◆ Requirement
Word for word and without images, transcribe all of the records.
..............................
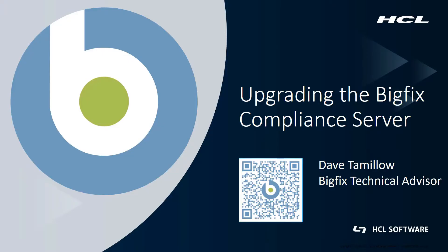Hi, my name is Dave Tamillow. I'm a BigFix technical advisor based in the Chicago area. I've been working with BigFix for about 10 years. If you'd like to connect with me on LinkedIn, feel free to scan the QR code on the screen.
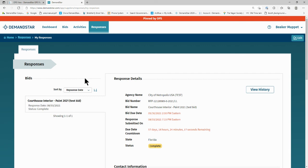That's all there is to submitting an eBid response on DemandStar. If you need help with any part of your response, please email us at support at demandstar.com and make sure to let us know if your question is urgent or time sensitive. Thank you.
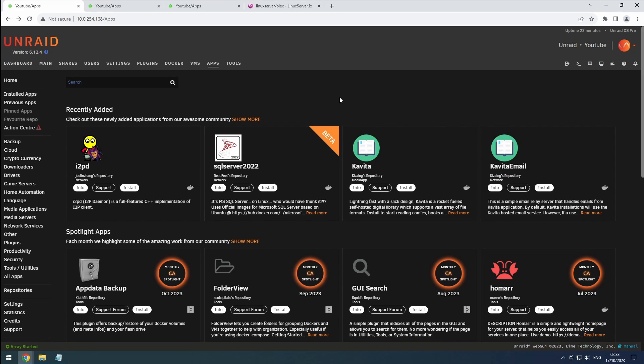Hey everyone! Welcome back to the RiffSphere channel. In this video, we'll guide you through the installation process of Plex, a popular media server. Let's get started.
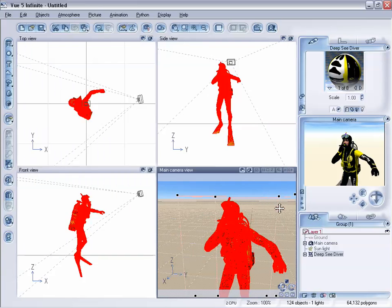So just make sure you have your UV maps and you'll be all set for exporting your objects from your 3D software app and into Vue 5 Infinite.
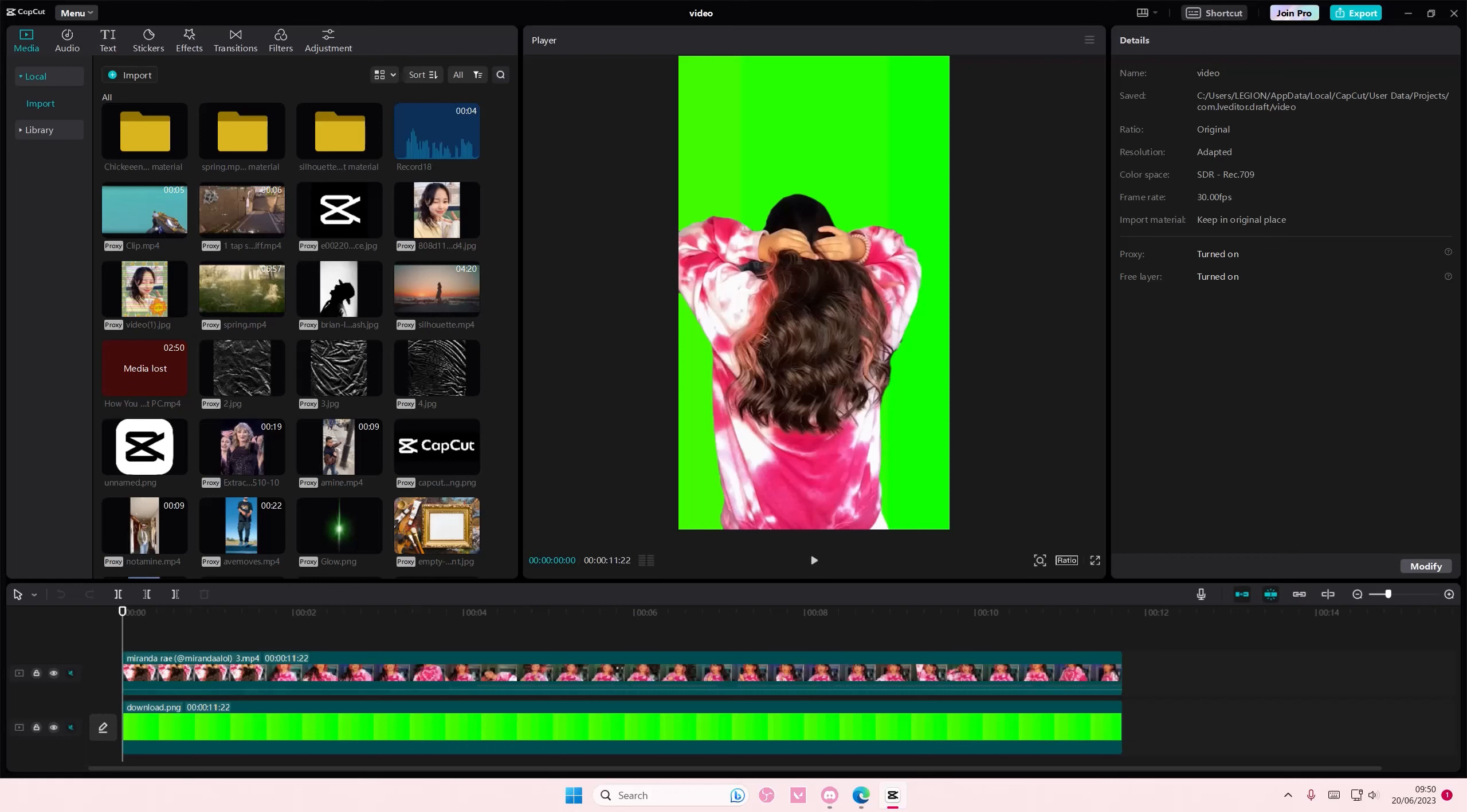Hey guys and welcome back to this channel. In this video I'll be showing you guys how you can basically split your screens into two parts on CapCut PC.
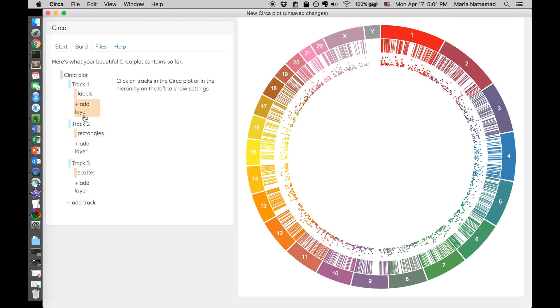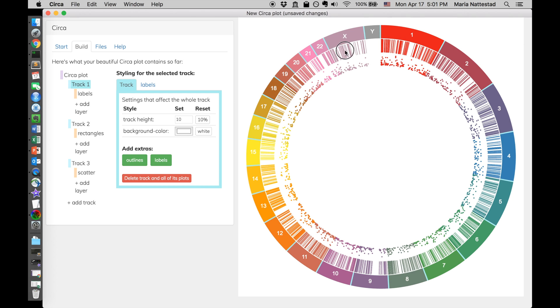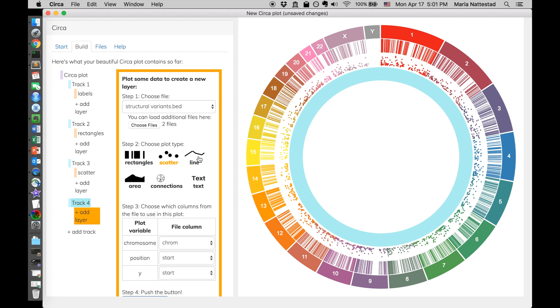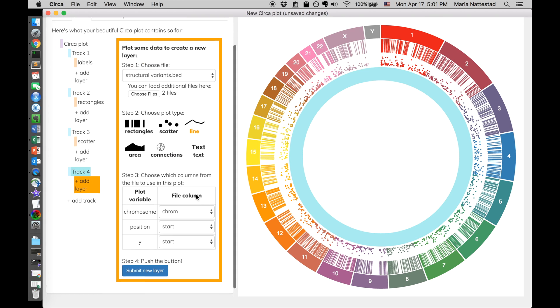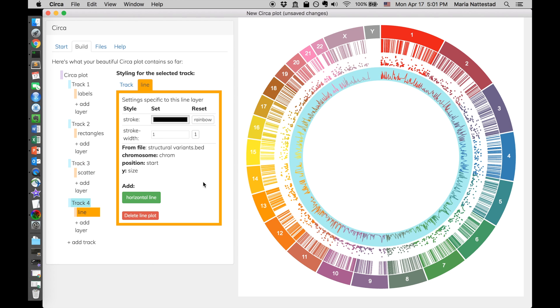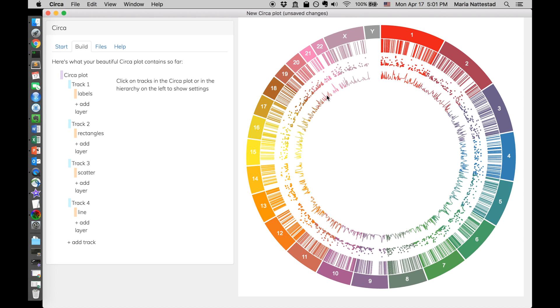Sweet. So now you can see we have a track with labels out here, one with rectangles, and one with a scatter plot. Let's keep going. We have structural variants, let's do a line plot, again, size is good. So that's the line plot.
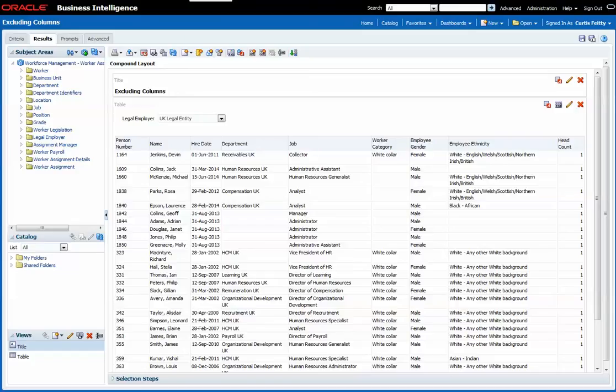Hello, my name is Julian Challenger and this short instructional video will show you how to exclude columns in Fusion OTBI so they can be included later on.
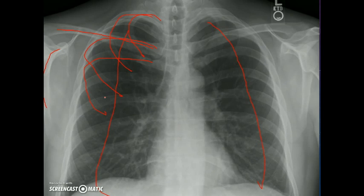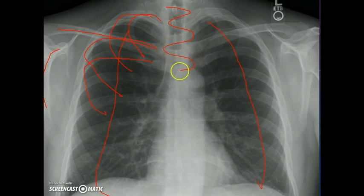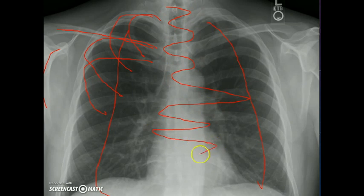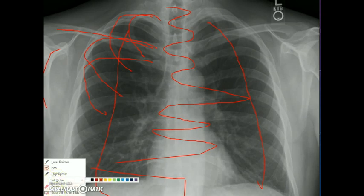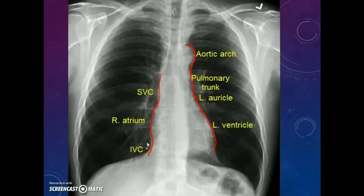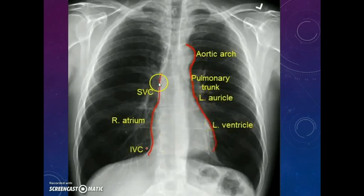After the bony skeleton, go in for the mediastinum. Look at the mediastinum — you can see the trachea first, then the cardiac shadows. In the mediastinum, you will see the different parts: the aortic knuckle, the pulmonary trunk which appears as a concavity rather than convexity, the left auricle and left ventricle. On the right side, you will see the superior vena cava, right atrium, and inferior vena cava. The inferior border of the cardiac shadow is mainly formed by the right ventricle.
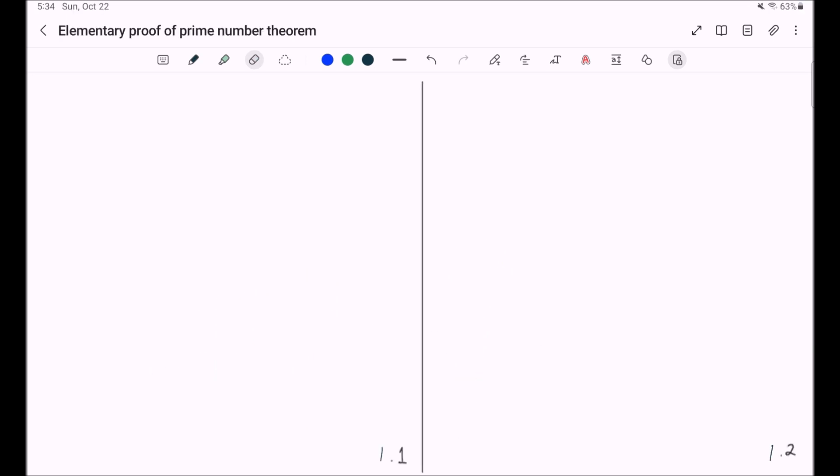In this video series, I will talk about the elementary proof of prime number theorem, due to Selberg and Erdos.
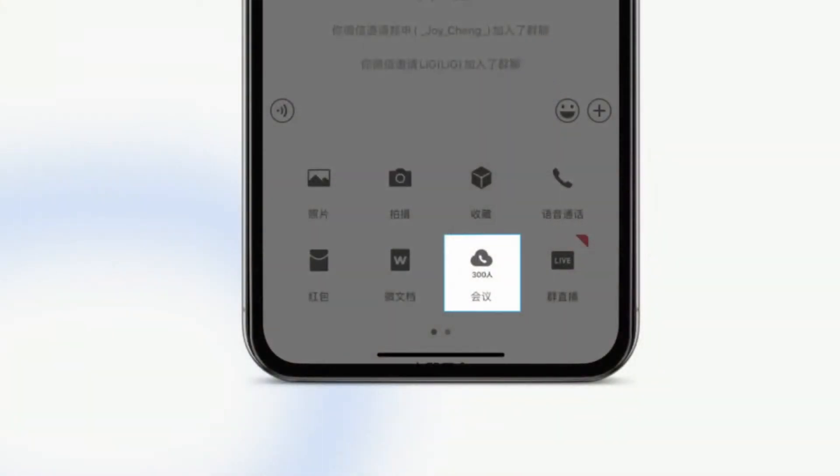The way that you would go about getting this set up is you would go into any one of your chats within the WeChat Work app, and then you just tap the plus button. You'll see the function pop up with various different options and functions you can select. You tap on the one that says 300 person meeting.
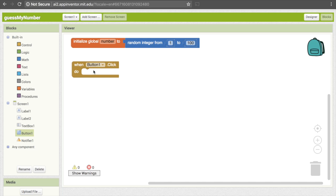We want to compare what they put into their answer to what the answer actually is, and depending on how the two compare, we're going to give them different pieces of feedback. When we want to make decisions based on some condition, that's a good candidate for an if statement. If statements are found under Control, so click on Control up here.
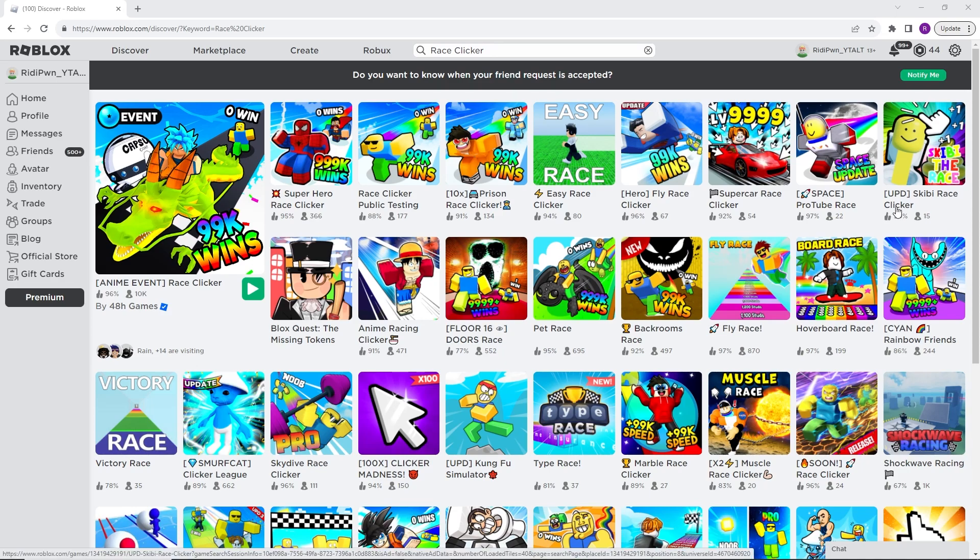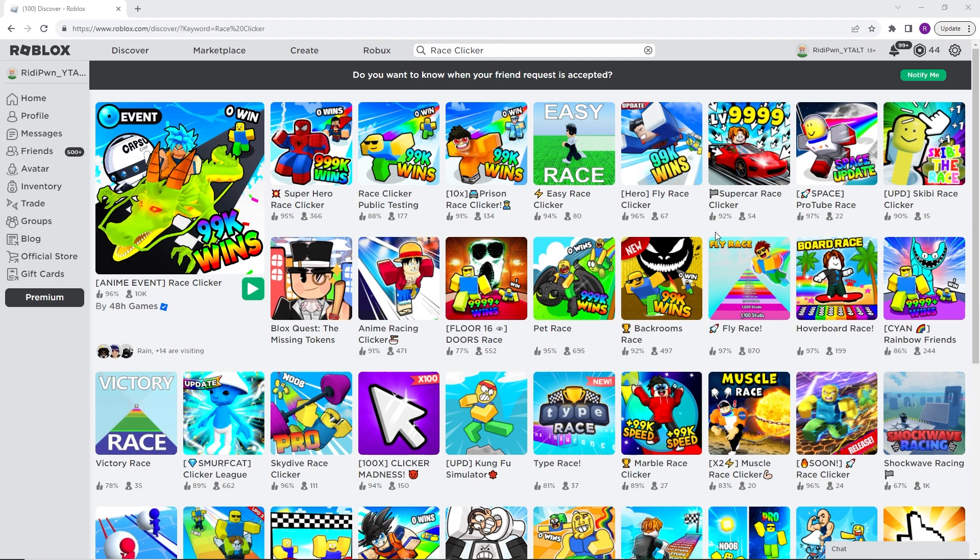Hi everyone, welcome to Race Clicker. As you guys know, today we had the anime update, but some things were just too hard. But the devs listened and the following changes were made. In limited events, play 72 hours was reduced to play one hour.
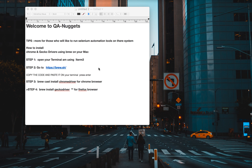Welcome to QA Nuggets where we share tips. I just want to share with you this afternoon some tips on how to install drivers via your terminal, especially Chrome driver and Gecko driver, for those who are interested in Selenium Automation — trying to run automation functional script testing on your Mac.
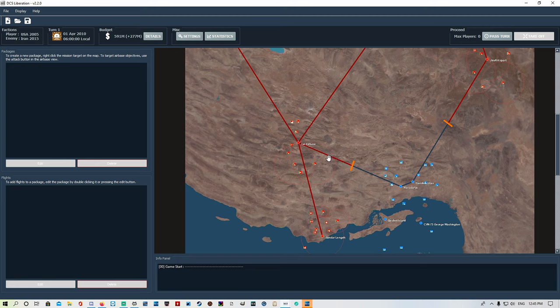You get the same deal with threat rings and all that stuff. So that is how you set up an initial campaign for yourself. I will go through the differences on the next video on how to set up your first turn like we did previously.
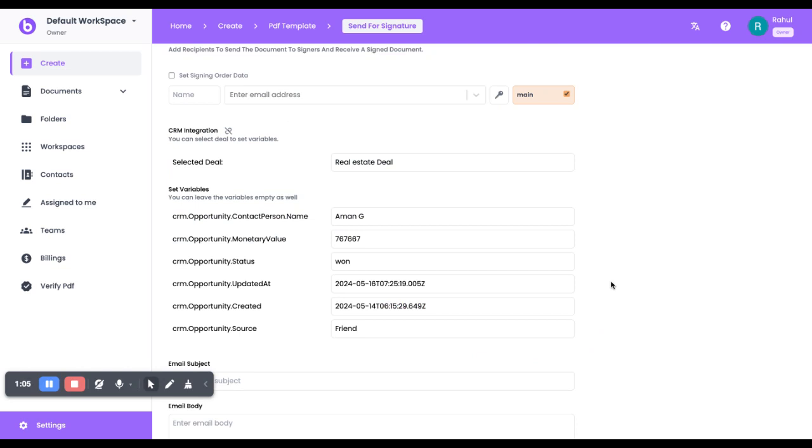Now it will populate all of that particular data into my variables, so I don't have to do that manually. The rest of the process of signing the document and sending it remains the same. Thank you.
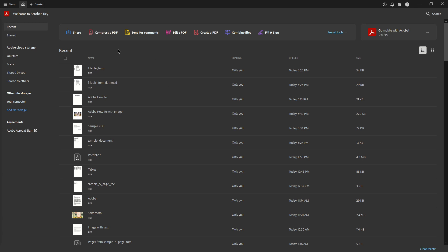First, you're going to open Adobe Acrobat. You can do this by clicking on its icon, which is a red square with a white stylized A inside of it. You'll typically find it either on your desktop or in your applications folder, depending on your operating system.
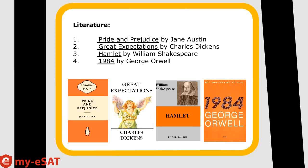You might have noticed that these are all really high-quality books. The best books to use are the books that you read in English class. You want to be picking well-respected examples. That means no Twilight, right, and no Harry Potter.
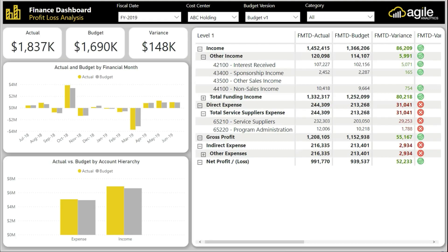The profit and loss analysis shows which levers are impacting your profit. We can see here that while total services and suppliers expense is higher than budgeted, revenue is better than budgeted, and therefore the overall net profit is better than budgeted.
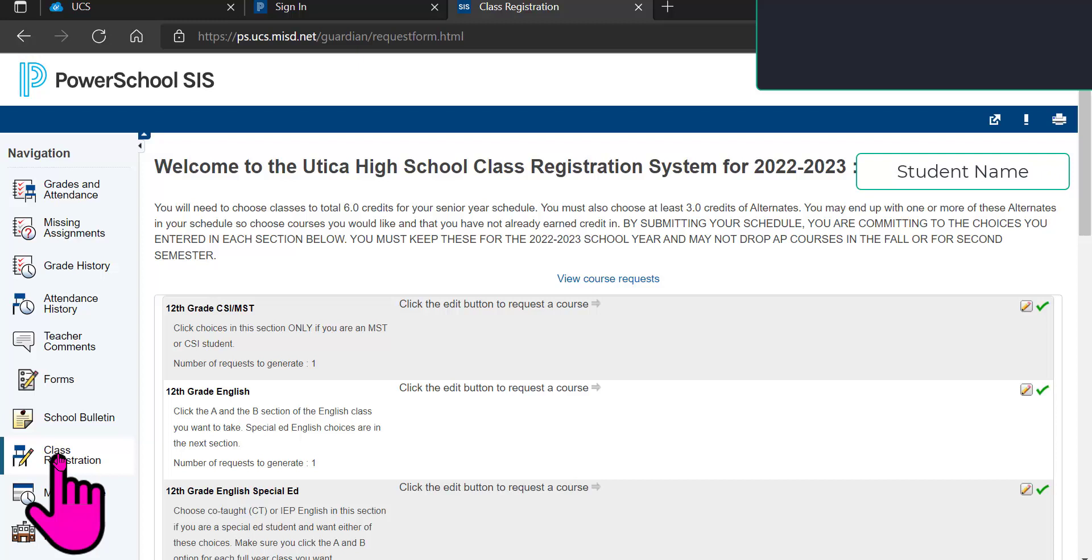Please pay attention to the welcome message and make sure that you are in the proper school. Obviously, this says Welcome to the Utica High School Class Registration System for 2022-2023. It should also have your name in there.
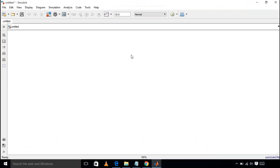Previously I have done the step-down converter, and today I will be discussing the boost converter, which is a part of a DC-DC converter in which DC voltages are stepped up to a desired level. Here also we are using high-frequency switching of semiconductor devices like MOSFET or IGBT. This type of converter is used in regulated DC power supplies and also in regenerative braking of DC motors.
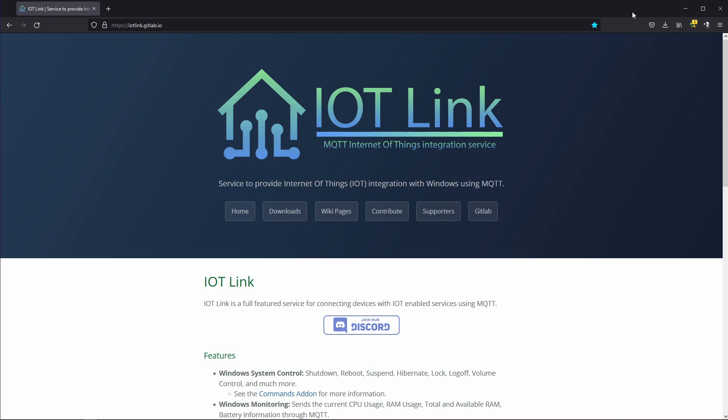As is usual my adventure started with a piece of software. This time it's called IoT Link and it's an open source one. Also as I mentioned in the intro sadly this is for Windows only so I assume some of my viewers will drop off at this point.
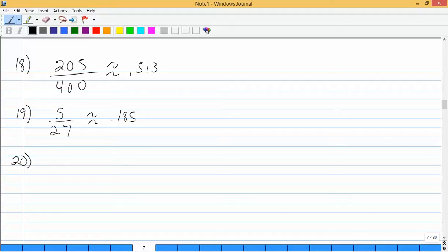Determine if the correlation between two given variables is likely to be positive or negative, or if they're not likely to display a linear relationship. The variables are a child's weight and age. As age increases, weight generally increases — especially for a developing child. Since both are increasing, that's a positive correlation, or a positive linear relationship.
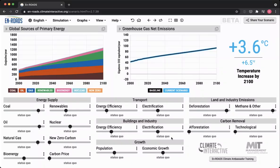The population and economic growth sliders. These two sliders, located in the middle of the INROADS control panel, represent two of the underlying drivers of greenhouse gas net emissions. The way it works is: you have more people, they demand more energy, and that drives up greenhouse gas emissions in a fossil fuel dependent economy.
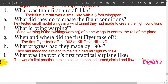Question six: what is wing warping? Wing warping is the twisting of plane wings to control the roll of the plane. Question seven: when and where did the first flyer take off? The first flyer took off in 1903 at Kill Devil Hills, NC.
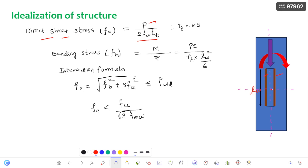The cross sectional area of the weld is length of weld multiplied by throat thickness. Since there are two cross sections, we multiply by two. The throat thickness TT equals K times S, where S is the size of the weld.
..............................
◆ Answer to this exercise
Hi, my name is Dave Tamillow. I'm a BigFix technical advisor based in the Chicago area. I've been working with BigFix for about 10 years. If you'd like to connect with me on LinkedIn, feel free to scan the QR code on the screen.
That's all there is to submitting an eBid response on DemandStar. If you need help with any part of your response, please email us at support at demandstar.com and make sure to let us know if your question is urgent or time sensitive. Thank you.
Hey everyone! Welcome back to the RiffSphere channel. In this video, we'll guide you through the installation process of Plex, a popular media server. Let's get started.
So just make sure you have your UV maps and you'll be all set for exporting your objects from your 3D software app and into Vue 5 Infinite.
Hey guys and welcome back to this channel. In this video I'll be showing you guys how you can basically split your screens into two parts on CapCut PC.
Sweet. So now you can see we have a track with labels out here, one with rectangles, and one with a scatter plot. Let's keep going. We have structural variants, let's do a line plot, again, size is good. So that's the line plot.
Hello, my name is Julian Challenger and this short instructional video will show you how to exclude columns in Fusion OTBI so they can be included later on.
After the bony skeleton, go in for the mediastinum. Look at the mediastinum — you can see the trachea first, then the cardiac shadows. In the mediastinum, you will see the different parts: the aortic knuckle, the pulmonary trunk which appears as a concavity rather than convexity, the left auricle and left ventricle. On the right side, you will see the superior vena cava, right atrium, and inferior vena cava. The inferior border of the cardiac shadow is mainly formed by the right ventricle.
In this video series, I will talk about the elementary proof of prime number theorem, due to Selberg and Erdos.
The way that you would go about getting this set up is you would go into any one of your chats within the WeChat Work app, and then you just tap the plus button. You'll see the function pop up with various different options and functions you can select. You tap on the one that says 300 person meeting.
We want to compare what they put into their answer to what the answer actually is, and depending on how the two compare, we're going to give them different pieces of feedback. When we want to make decisions based on some condition, that's a good candidate for an if statement. If statements are found under Control, so click on Control up here.
Hi everyone, welcome to Race Clicker. As you guys know, today we had the anime update, but some things were just too hard. But the devs listened and the following changes were made. In limited events, play 72 hours was reduced to play one hour.
Welcome to QA Nuggets where we share tips. I just want to share with you this afternoon some tips on how to install drivers via your terminal, especially Chrome driver and Gecko driver, for those who are interested in Selenium Automation — trying to run automation functional script testing on your Mac.
You get the same deal with threat rings and all that stuff. So that is how you set up an initial campaign for yourself. I will go through the differences on the next video on how to set up your first turn like we did previously.
Now it will populate all of that particular data into my variables, so I don't have to do that manually. The rest of the process of signing the document and sending it remains the same. Thank you.
First, you're going to open Adobe Acrobat. You can do this by clicking on its icon, which is a red square with a white stylized A inside of it. You'll typically find it either on your desktop or in your applications folder, depending on your operating system.
You might have noticed that these are all really high-quality books. The best books to use are the books that you read in English class. You want to be picking well-respected examples. That means no Twilight, right, and no Harry Potter.
The profit and loss analysis shows which levers are impacting your profit. We can see here that while total services and suppliers expense is higher than budgeted, revenue is better than budgeted, and therefore the overall net profit is better than budgeted.
Please pay attention to the welcome message and make sure that you are in the proper school. Obviously, this says Welcome to the Utica High School Class Registration System for 2022-2023. It should also have your name in there.
Previously I have done the step-down converter, and today I will be discussing the boost converter, which is a part of a DC-DC converter in which DC voltages are stepped up to a desired level. Here also we are using high-frequency switching of semiconductor devices like MOSFET or IGBT. This type of converter is used in regulated DC power supplies and also in regenerative braking of DC motors.
As is usual my adventure started with a piece of software. This time it's called IoT Link and it's an open source one. Also as I mentioned in the intro sadly this is for Windows only so I assume some of my viewers will drop off at this point.
Determine if the correlation between two given variables is likely to be positive or negative, or if they're not likely to display a linear relationship. The variables are a child's weight and age. As age increases, weight generally increases — especially for a developing child. Since both are increasing, that's a positive correlation, or a positive linear relationship.
The population and economic growth sliders. These two sliders, located in the middle of the INROADS control panel, represent two of the underlying drivers of greenhouse gas net emissions. The way it works is: you have more people, they demand more energy, and that drives up greenhouse gas emissions in a fossil fuel dependent economy.
Question six: what is wing warping? Wing warping is the twisting of plane wings to control the roll of the plane. Question seven: when and where did the first flyer take off? The first flyer took off in 1903 at Kill Devil Hills, NC.
The cross sectional area of the weld is length of weld multiplied by throat thickness. Since there are two cross sections, we multiply by two. The throat thickness TT equals K times S, where S is the size of the weld.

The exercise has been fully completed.